« Voilà 9 mois qu’on se bat, on ne pouvait pas accoucher d’un tel accord. » Une élue Solidaires informatique d’Onclusive, première entreprise de France qui s’est vu annoncer un plan social justifié par l’intelligence artificielle, et qui souhaite rester anonyme, est pour le moins perplexe. « Au début, la direction ne nous invitait même pas aux réunions de négociations, elle disait que ça ne servait à rien, puisqu’on serait contre. Alors on s’est imposé, elle nous a écoutés, et elle prend le temps de réfléchir à nos propositions » explique-t-elle. Plusieurs dizaines de salariés réunis en assemblée générale ont ainsi levé la grève, lundi, qui avait été votée dans la nuit de jeudi à vendredi.
L’entreprise, anciennement Kantar, basée à Courbevoie, avait annoncé à ses salariés en septembre dernier qu’ils seraient quasiment tous remplacés par une intelligence artificielle. Ceux-ci rédigent des revues de presse spécialisées et personnalisées, à destination de leurs clients : des grandes entreprises, administrations et ministères. « Mutation technologique », avait inscrit la direction comme motif du plan social.
La Drieets (Direction régionale et interdépartementale de l’économie, de l’emploi, du travail et des solidarités) a fait un retour de 17 pages, demandant à la direction de revoir sa copie. En janvier un nouveau PSE est annoncé, justifié par un « maintien de la compétitivité ». « L’intégration de l’IA ne représente qu’une part marginale de la modernisation globale des infrastructures que nous entreprenons » assure la direction d’Onclusive.
« L’entreprise renforce ses équipes à Madagascar »
218 postes vont être supprimés, il ne restera que 52 emplois en « production ». Là encore, la direction pointe « un impact donc plus limité sur l’emploi que le projet initial présenté en septembre ». « C’est quand même incroyable que cette histoire dure depuis si longtemps ; c’est une forme de maltraitance, estime de son côté Maître Giusti, l’avocat de Solidaires Informatique. Les conditions de travail étaient déjà pénibles, en flux tendu, avec des horaires parfois très compliqués. Un salarié travaillait entre 2 h 30 du matin et 10 h 30 par exemple, et toutes ses demandes de passer en équipe de jour ont été refusées. »

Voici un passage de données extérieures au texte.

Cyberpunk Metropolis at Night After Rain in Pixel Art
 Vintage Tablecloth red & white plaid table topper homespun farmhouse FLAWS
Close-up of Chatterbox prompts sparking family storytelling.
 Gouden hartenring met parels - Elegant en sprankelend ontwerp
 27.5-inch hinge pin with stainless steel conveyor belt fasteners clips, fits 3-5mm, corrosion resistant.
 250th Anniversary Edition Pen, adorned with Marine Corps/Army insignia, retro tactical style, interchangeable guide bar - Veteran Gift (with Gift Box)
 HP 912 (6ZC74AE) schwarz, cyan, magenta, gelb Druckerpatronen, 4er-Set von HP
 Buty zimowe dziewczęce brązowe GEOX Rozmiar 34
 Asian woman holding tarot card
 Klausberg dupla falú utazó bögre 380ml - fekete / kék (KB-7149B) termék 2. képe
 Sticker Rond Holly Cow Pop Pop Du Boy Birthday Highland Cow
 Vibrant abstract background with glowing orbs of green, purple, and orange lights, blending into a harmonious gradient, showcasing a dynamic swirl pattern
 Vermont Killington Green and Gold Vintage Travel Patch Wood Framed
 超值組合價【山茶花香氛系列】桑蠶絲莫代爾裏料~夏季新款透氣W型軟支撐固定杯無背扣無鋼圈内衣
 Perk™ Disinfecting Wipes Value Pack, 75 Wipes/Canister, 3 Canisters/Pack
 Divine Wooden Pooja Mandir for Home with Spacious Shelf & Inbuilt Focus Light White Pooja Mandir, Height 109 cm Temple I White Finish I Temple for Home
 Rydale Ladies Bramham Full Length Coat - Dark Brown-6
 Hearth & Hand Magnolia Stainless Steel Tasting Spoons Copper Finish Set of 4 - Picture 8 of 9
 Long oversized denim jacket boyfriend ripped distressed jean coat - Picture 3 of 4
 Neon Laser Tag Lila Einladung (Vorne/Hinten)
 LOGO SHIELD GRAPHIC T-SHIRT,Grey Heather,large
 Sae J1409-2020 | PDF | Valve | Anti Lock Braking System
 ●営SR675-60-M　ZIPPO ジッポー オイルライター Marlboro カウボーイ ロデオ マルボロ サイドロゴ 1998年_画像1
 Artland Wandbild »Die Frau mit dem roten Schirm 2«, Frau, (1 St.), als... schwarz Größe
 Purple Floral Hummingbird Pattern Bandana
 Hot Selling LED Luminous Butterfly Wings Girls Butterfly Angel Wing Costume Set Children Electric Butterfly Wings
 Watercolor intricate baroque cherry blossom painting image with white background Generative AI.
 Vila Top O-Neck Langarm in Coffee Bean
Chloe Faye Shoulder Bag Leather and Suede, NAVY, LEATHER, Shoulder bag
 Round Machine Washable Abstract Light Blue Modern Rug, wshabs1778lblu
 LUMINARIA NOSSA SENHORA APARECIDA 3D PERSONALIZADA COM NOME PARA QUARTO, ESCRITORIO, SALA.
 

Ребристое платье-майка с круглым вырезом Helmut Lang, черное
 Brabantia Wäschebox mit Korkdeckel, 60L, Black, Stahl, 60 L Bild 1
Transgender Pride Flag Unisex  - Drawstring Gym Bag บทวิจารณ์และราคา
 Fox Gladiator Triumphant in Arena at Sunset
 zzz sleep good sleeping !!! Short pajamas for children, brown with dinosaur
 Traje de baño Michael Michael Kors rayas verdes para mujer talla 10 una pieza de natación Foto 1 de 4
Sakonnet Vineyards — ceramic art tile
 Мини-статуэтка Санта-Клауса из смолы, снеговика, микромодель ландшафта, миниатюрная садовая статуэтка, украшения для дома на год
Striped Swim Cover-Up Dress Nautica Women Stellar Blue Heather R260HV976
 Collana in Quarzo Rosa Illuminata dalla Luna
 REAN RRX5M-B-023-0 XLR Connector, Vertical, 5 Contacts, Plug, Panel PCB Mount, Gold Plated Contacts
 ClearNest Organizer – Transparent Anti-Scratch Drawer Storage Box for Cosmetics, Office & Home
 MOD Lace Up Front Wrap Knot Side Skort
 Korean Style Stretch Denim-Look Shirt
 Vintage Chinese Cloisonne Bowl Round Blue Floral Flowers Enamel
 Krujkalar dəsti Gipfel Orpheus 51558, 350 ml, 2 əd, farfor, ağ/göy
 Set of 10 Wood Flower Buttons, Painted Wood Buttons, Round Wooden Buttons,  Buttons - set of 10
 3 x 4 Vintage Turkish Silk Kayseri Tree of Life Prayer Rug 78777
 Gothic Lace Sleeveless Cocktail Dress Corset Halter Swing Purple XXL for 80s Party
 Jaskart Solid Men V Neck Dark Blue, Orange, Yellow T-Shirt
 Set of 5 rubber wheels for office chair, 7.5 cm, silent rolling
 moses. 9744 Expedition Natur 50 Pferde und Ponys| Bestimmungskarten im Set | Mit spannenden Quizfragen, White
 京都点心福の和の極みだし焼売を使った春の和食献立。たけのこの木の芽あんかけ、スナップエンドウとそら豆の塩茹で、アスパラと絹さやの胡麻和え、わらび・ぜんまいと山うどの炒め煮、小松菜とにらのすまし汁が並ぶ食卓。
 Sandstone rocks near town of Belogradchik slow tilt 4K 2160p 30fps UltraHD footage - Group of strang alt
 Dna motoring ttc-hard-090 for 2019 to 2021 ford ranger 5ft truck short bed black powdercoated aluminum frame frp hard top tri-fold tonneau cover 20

Passé la sidération première les syndicats ont repris le combat et fait appel à un cabinet expertise. « Ni Secafi ni nous n’avons vu le logiciel qui serait amené à nous remplacer, en revanche, on a bien vu qu’Onclusive renforçait ses équipes à Madagascar » déplore l’élue du personnel.
« Le fonds d’investissement qui nous a rachetés veut des baisses de coûts de mains d’œuvres. Qu’ils assument, et qu’ils ne laissent pas les salariés avec des miettes ». Le syndicat demande ainsi que les conditions de départs extralégales soient améliorées pour les bas salaires qui représentent 137 des postes supprimés. Et qu’il n’y ait pas de discrimination sur l’âge notamment. Mais cela agace fortement les élus d’être réduits à négocier les critères d’un PSE avant même l’avis de la Drieets.
En attendant, leur avocat se tient prêt. « Nous nous sommes rendu compte suite à une attaque informatique, que dans l’annexe des contrats de travail des salariés, depuis 2018, il y a des clauses qui stipulent qu’Onclusive peut collecter des données vis-à-vis de l’orientation sexuelles, de l’appartenance syndicale et religieuse de ses employés ! S’exclame maître Giusti. C’est un volet RGPD que je souhaiterais creuser si mes clients me mandatent pour ».